■ Aim of the exercise:
Going down the listing below, print exactly each line from the one with "Cincinnati Bengals Starter" up to and including the one with "GAMING MOUSEPAD DESK", and skip the rest.

■ Material provided:
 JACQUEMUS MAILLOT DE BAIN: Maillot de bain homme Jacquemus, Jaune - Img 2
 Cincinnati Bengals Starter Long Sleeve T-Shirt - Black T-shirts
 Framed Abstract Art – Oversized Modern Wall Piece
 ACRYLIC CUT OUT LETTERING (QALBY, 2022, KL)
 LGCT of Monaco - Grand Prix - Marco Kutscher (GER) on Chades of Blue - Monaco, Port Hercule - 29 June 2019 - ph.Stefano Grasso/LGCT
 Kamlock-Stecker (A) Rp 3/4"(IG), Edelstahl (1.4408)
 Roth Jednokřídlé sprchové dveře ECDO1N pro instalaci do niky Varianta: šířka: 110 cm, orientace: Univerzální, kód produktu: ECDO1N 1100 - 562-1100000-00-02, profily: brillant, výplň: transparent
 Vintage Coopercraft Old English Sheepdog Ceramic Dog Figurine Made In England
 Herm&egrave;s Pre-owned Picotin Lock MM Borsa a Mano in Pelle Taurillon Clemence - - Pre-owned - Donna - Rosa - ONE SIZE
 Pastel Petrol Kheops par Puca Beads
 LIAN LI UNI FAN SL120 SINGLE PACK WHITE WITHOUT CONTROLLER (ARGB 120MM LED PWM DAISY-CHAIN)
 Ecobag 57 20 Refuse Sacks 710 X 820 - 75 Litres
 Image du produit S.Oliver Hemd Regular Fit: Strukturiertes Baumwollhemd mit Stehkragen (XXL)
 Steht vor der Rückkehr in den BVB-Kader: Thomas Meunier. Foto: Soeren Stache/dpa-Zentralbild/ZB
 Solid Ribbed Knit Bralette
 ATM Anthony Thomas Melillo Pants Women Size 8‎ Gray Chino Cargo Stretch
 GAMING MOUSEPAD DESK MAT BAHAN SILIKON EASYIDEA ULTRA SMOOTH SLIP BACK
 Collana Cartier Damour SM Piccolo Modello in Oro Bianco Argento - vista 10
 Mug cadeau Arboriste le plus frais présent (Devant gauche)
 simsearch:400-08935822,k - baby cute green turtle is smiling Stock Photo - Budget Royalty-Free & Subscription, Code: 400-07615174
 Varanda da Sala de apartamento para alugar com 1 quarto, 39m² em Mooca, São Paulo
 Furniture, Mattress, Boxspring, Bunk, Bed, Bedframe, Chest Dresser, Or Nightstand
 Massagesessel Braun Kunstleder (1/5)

■ Solved problem:
 Cincinnati Bengals Starter Long Sleeve T-Shirt - Black T-shirts
 Framed Abstract Art – Oversized Modern Wall Piece
 ACRYLIC CUT OUT LETTERING (QALBY, 2022, KL)
 LGCT of Monaco - Grand Prix - Marco Kutscher (GER) on Chades of Blue - Monaco, Port Hercule - 29 June 2019 - ph.Stefano Grasso/LGCT
 Kamlock-Stecker (A) Rp 3/4"(IG), Edelstahl (1.4408)
 Roth Jednokřídlé sprchové dveře ECDO1N pro instalaci do niky Varianta: šířka: 110 cm, orientace: Univerzální, kód produktu: ECDO1N 1100 - 562-1100000-00-02, profily: brillant, výplň: transparent
 Vintage Coopercraft Old English Sheepdog Ceramic Dog Figurine Made In England
 Herm&egrave;s Pre-owned Picotin Lock MM Borsa a Mano in Pelle Taurillon Clemence - - Pre-owned - Donna - Rosa - ONE SIZE
 Pastel Petrol Kheops par Puca Beads
 LIAN LI UNI FAN SL120 SINGLE PACK WHITE WITHOUT CONTROLLER (ARGB 120MM LED PWM DAISY-CHAIN)
 Ecobag 57 20 Refuse Sacks 710 X 820 - 75 Litres
 Image du produit S.Oliver Hemd Regular Fit: Strukturiertes Baumwollhemd mit Stehkragen (XXL)
 Steht vor der Rückkehr in den BVB-Kader: Thomas Meunier. Foto: Soeren Stache/dpa-Zentralbild/ZB
 Solid Ribbed Knit Bralette
 ATM Anthony Thomas Melillo Pants Women Size 8‎ Gray Chino Cargo Stretch
 GAMING MOUSEPAD DESK MAT BAHAN SILIKON EASYIDEA ULTRA SMOOTH SLIP BACK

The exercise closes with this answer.